Geese And Clouds

FTLComm - Melfort - May 11, 2001
Sun glasses are really great, they reduce eye strain and improve safety for a driver but they also colour the world. On Thursday afternoon the sky was filled with threats and yet as I squinted down the road through my sun glasses I was impressed with the shades of colour so I would wipe off the glasses just to see if what I was seeing was what was there. Trying to capture those shades for you was difficult but the picture at the top of the page and the one at the bottom pretty much tell the story.

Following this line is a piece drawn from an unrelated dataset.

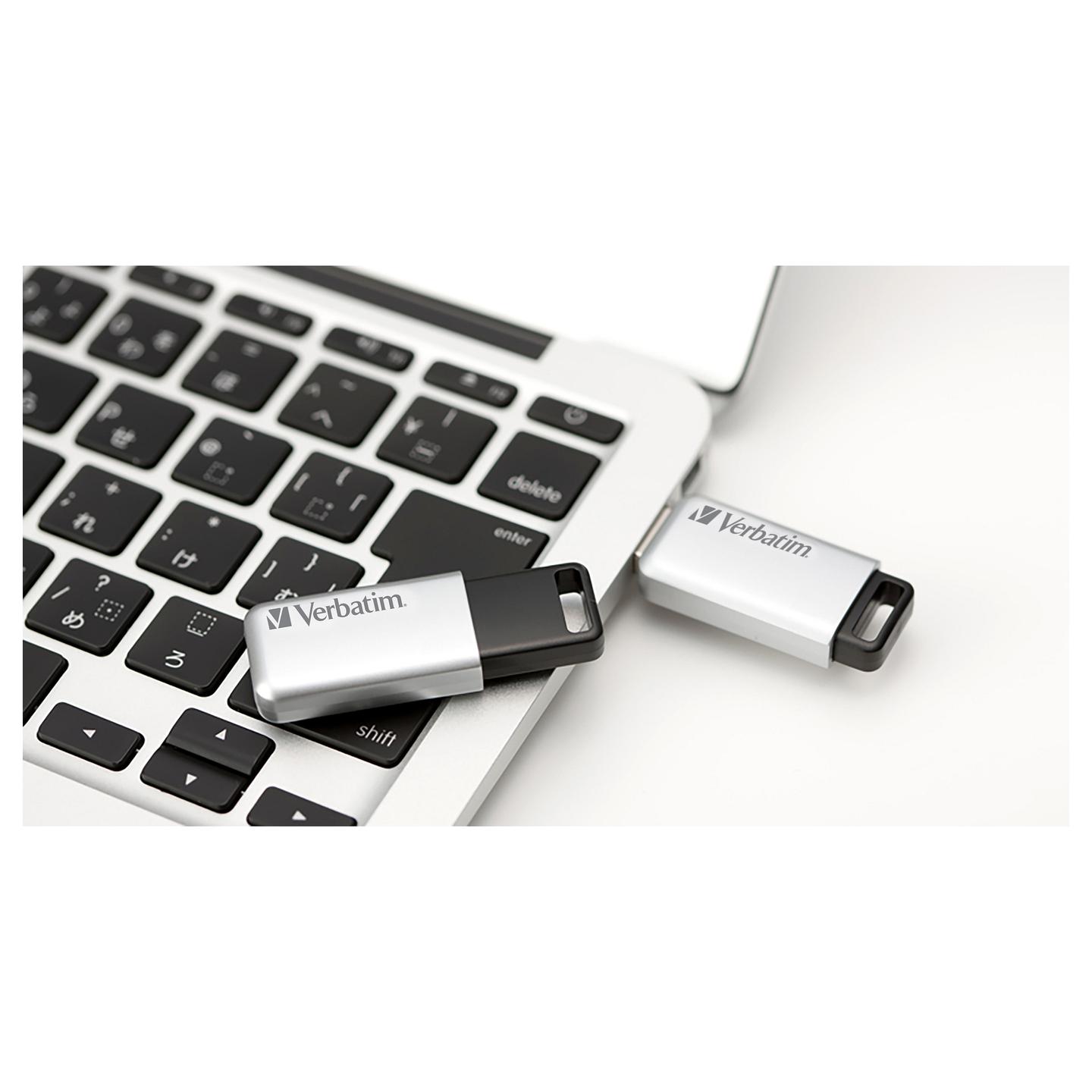 USB Flash Drive Verbatim Secure Data Pro, 64GB, USB 3.2 Gen 1, 100MB/s Read, 35MB/s Write, Enkriptim Hardware - Zezë - 2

The migration of arctic geese contines as they make their way from the Texas coast to the arctic and take time out to visit with us as they are passing through. Mostly snow geese but their imature version may be what have always been identified as Black Brant geese. Since the two always travel together they may not be two different species. Though they seem to be overly abundant in number it is important to remember that they are bunched up for travel and their flyway passes through the Melfort to Kinistino area, when they get to the tundra they will spread out over endless areas of tundra and flat barren land where they make their summer home and raise their young.
 
During the late romantic period there was a series of British painters including Turner who seemed to have spent most of their time looking up. They capture English skies and along the bottoms of their pictures, sometimes English landscape but more than anything they captured a quality of colour and picture at the bottom of this page has that colour.